Recruter les bons profils n’est pas toujours chose aisée. Un article du Financial Times mettait récemment en exergue le désintérêt des jeunes diplômés pour les services financiers. Un sujet de préoccupation chez Chappuis Halder, spécialisé dans le secteur : « Cette tendance concerne aussi bien les banques, les assurances, que les métiers du conseil, avance Stéphane Eyraud. Recruter les meilleurs profils devient plus compliqué. Malheureusement, les jeunes diplômés perçoivent parfois les services financiers comme un domaine ennuyeux et peu gratifiant. Ce serait dommageable si les jeunes qui viennent des formations d’excellence se détournaient de nos métiers. »

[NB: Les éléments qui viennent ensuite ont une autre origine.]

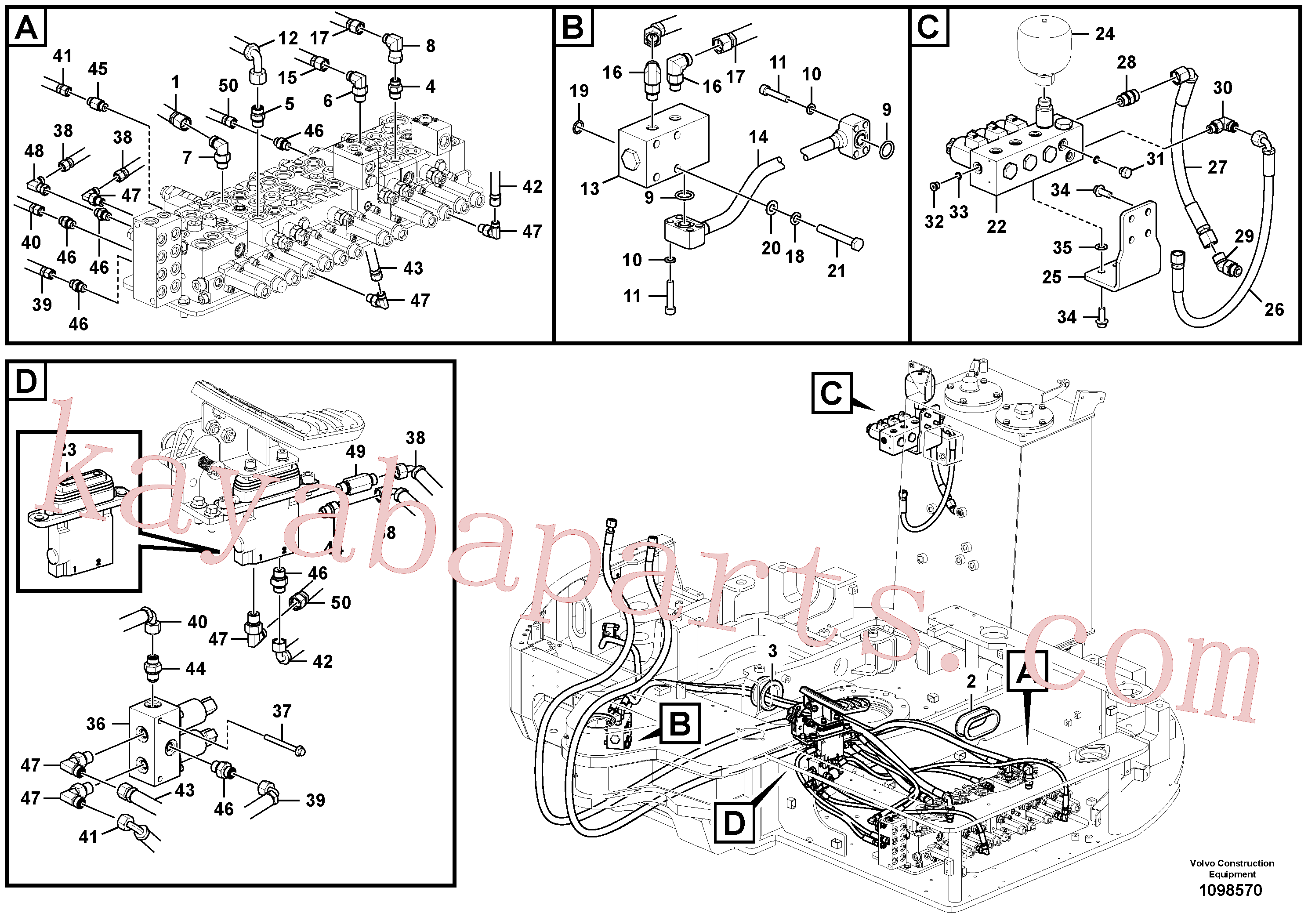 VOE14726344 for Volvo Working hydraulic, hammer and shear for upper(1098570 assembly)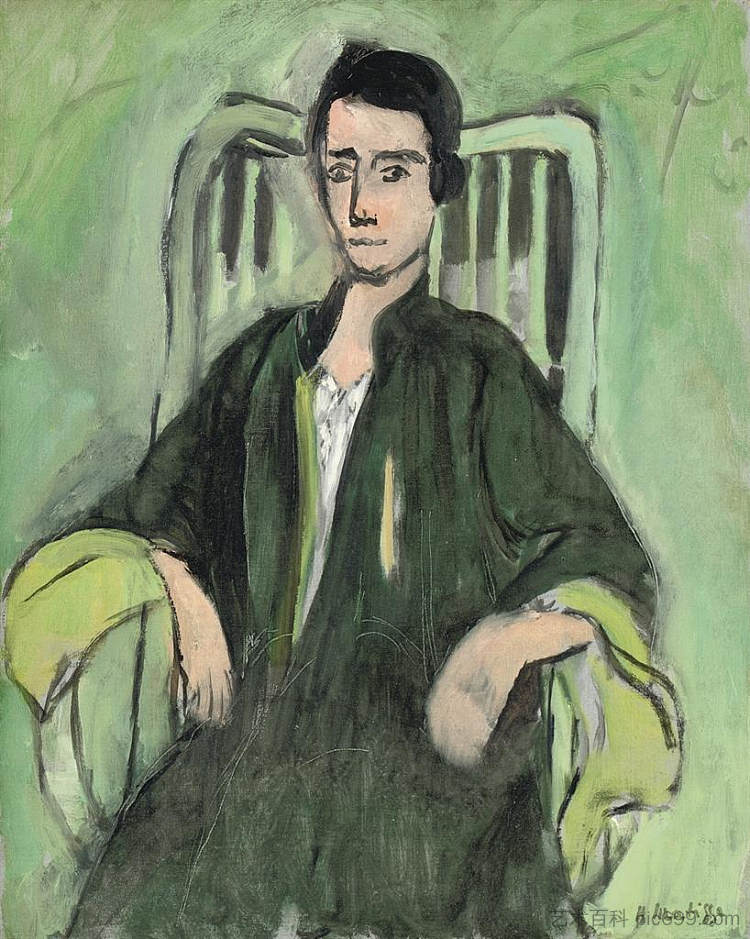 蕾妮,绿色和谐 Renée, Green Harmony (1923),亨利·马蒂斯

Rafaël Vivier, associé du cabinet d’approche directe WIT Associés (et actionnaire de Consultor), a une opinion plus tranchée. Pour lui, l’équilibre entre profil d’ingénieur et profil d’école de commerce est d’autant plus difficile à atteindre que les ingénieurs ne se destinent pas, en grande majorité, au monde du conseil : « Les écoles d’ingénieurs considèrent encore qu’elles ont vocation à former des ingénieurs, pas des consultants. Il y a encore peu, l’X ne validait pas les stages effectués au sein de cabinets de conseil. Pourtant, les technologies sont devenues centrales dans la stratégie de croissance de la plupart des grands groupes mondiaux. S’ils le pouvaient, les cabinets recruteraient beaucoup plus d’ingénieurs que de commerciaux. »

Alors en dehors des écoles de commerce et des écoles d’ingénieurs, point de salut  ? Au contraire, répondent les cabinets de conseil. Les ingénieurs et les consultants issus des écoles de commerce constituent, sans conteste, l’essentiel du recrutement et les candidats les plus naturels pour les cabinets de conseil. Mais les autres profils ne trouveront pas porte close.

ENA, Sciences Po, Normale Sup… Des viviers de candidats potentiels qui intéressent les cabinets. « Nous venons de recruter un doctorant spécialisé dans l’énergie, indique Valérie Schajer. Ces profils atypiques peuvent être brillants, moins classiques, plus spécialisés. Ils apportent une vraie plus-value, mais l’intégration peut être plus compliquée et elle demande davantage d’investissement. » À la clef, aussi un peu plus de créativité ? In fine, pour les profils atypiques comme pour les profils plus classiques, les cabinets recherchent surtout des personnalités qui sauront s’adapter, mais aussi sortir de leur zone de confort et apporter une valeur ajoutée au cabinet.